## Data shown
↓↓↓

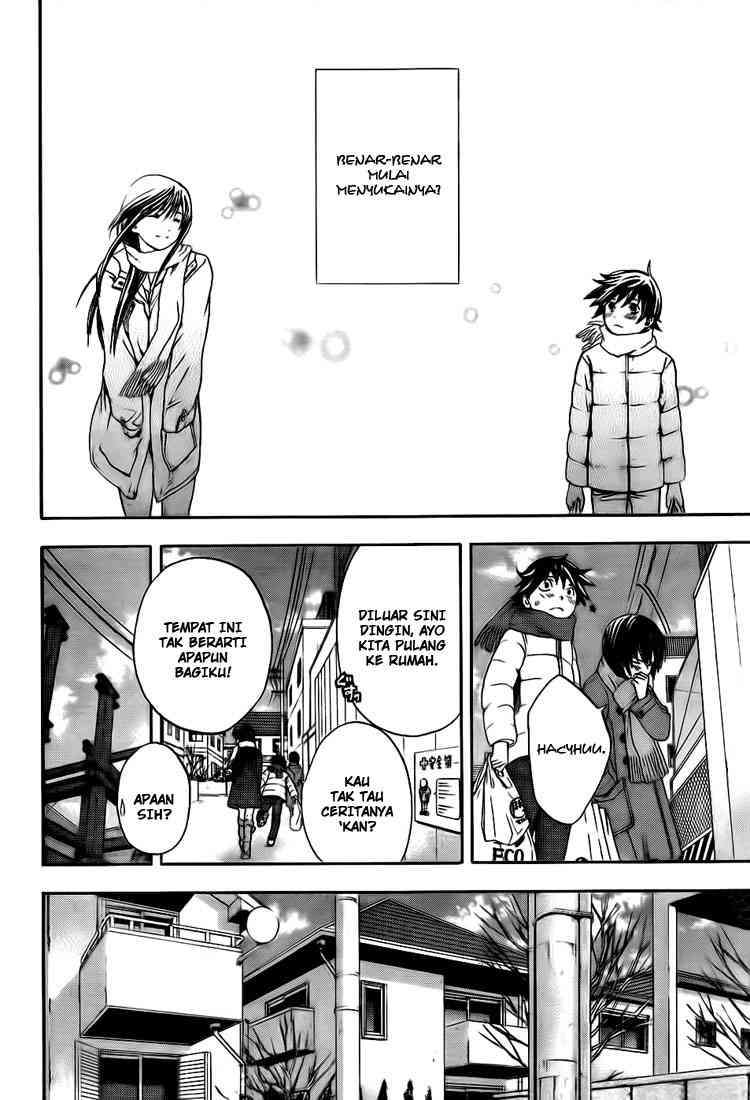 Ane Doki Chapter 23 - https://img.komiku.org/wp-content/uploads/918494-18.jpg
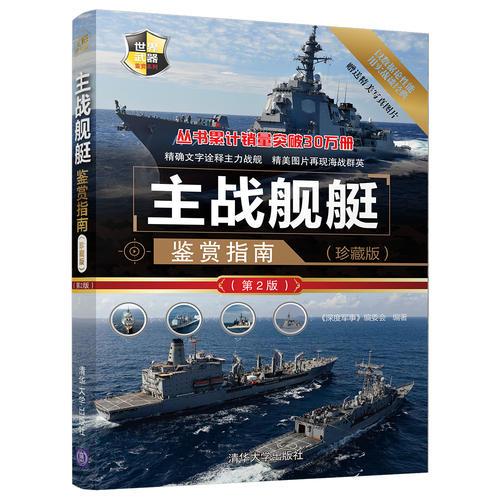 主戰(zhàn)艦艇鑒賞指南(珍藏版)（第2版）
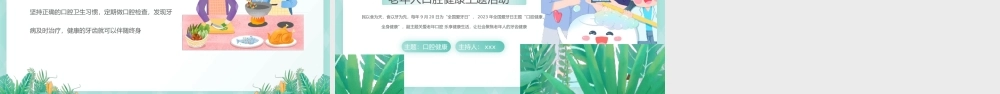 关爱老年人口腔健康主题活动PPT.pptx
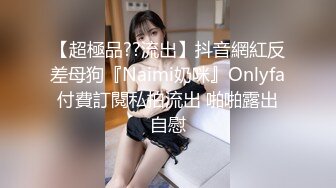 职场女神上班期间 竟然塞着跳蛋工作 实在受不了跑厕所自慰解决一下 小穴真嫩啊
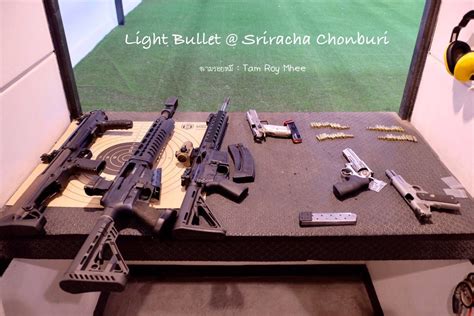 รูป LIGHT BULLET shooting range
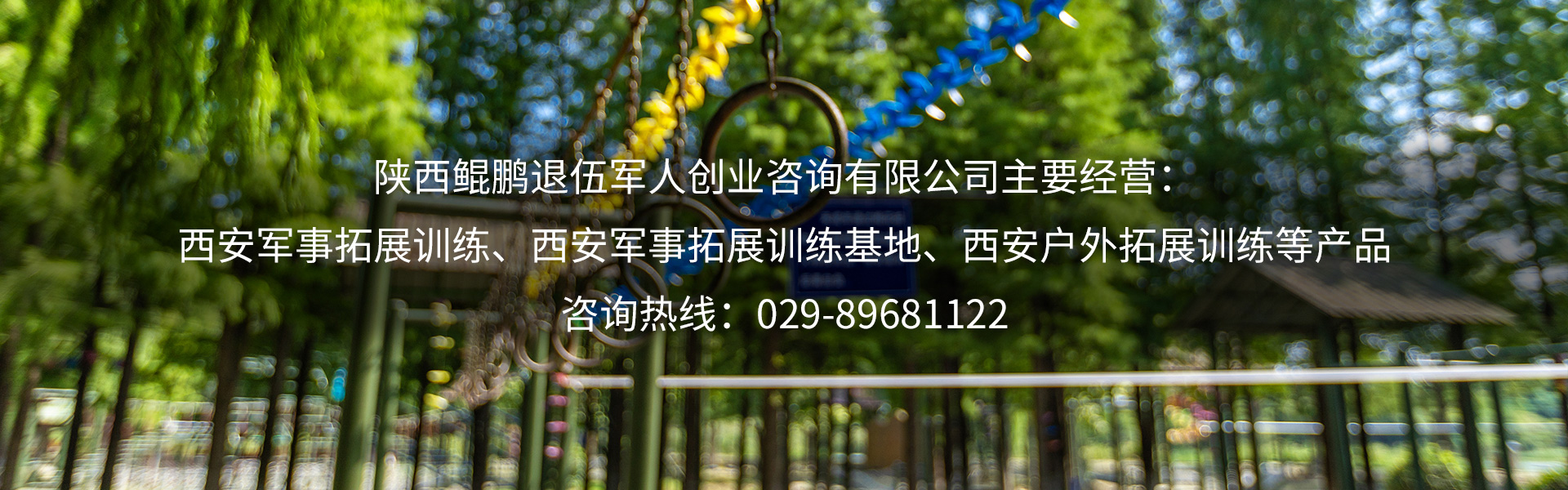 西安軍事拓展訓(xùn)練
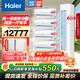 海爾（Haier）【值空調組合套購】海爾空調3P柜機新一級變頻節能冷暖自清潔家用客廳臥室空調 3匹 一級能效 +【1.5P掛機4臺】【四室一廳】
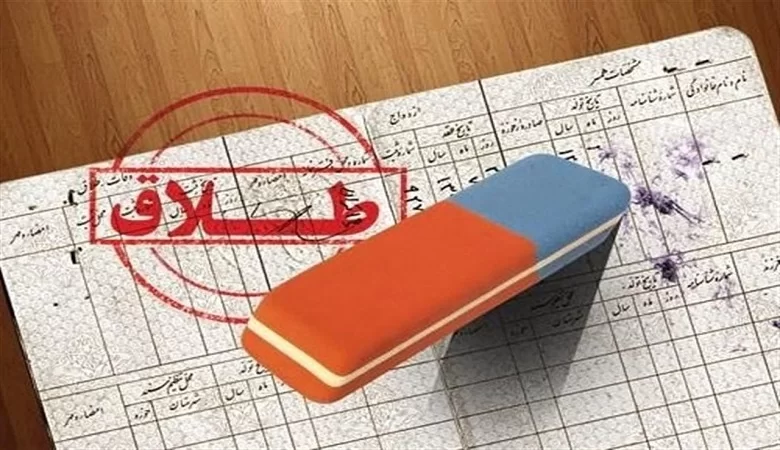 نزدیک به 5 سال پیش همسر مجری مشهور تلویزیون بعد از ۲۰ سال زندگی مشترک و تحمل سختی‌های زندگی با این چهره سرشناس، سرانجام توانش را از دست داد و راهی دادگاه خانواده شد.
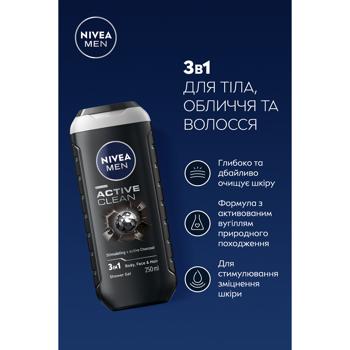 Гель для душа Nivea Men Сила угля 250мл - купить, цены на МегаМаркет - фото 3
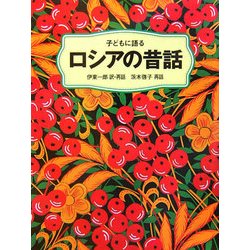 子どもに語るロシアの昔話 [単行本]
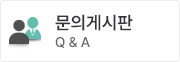 문의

↑↑↑

## Prompt
Copy out exactly the lines between the line containing "关爱老年人口腔健康主题活动PPT.pptx" and the end of the entries, including both, and leave the pictures behind.

## Response
 关爱老年人口腔健康主题活动PPT.pptx
 职场女神上班期间 竟然塞着跳蛋工作 实在受不了跑厕所自慰解决一下 小穴真嫩啊
 รูป LIGHT BULLET shooting range
 西安軍事拓展訓(xùn)練
 海爾（Haier）【值空調組合套購】海爾空調3P柜機新一級變頻節能冷暖自清潔家用客廳臥室空調 3匹 一級能效 +【1.5P掛機4臺】【四室一廳】
 نزدیک به 5 سال پیش همسر مجری مشهور تلویزیون بعد از ۲۰ سال زندگی مشترک و تحمل سختی‌های زندگی با این چهره سرشناس، سرانجام توانش را از دست داد و راهی دادگاه خانواده شد.
 Гель для душа Nivea Men Сила угля 250мл - купить, цены на МегаМаркет - фото 3
 子どもに語るロシアの昔話 [単行本]
 문의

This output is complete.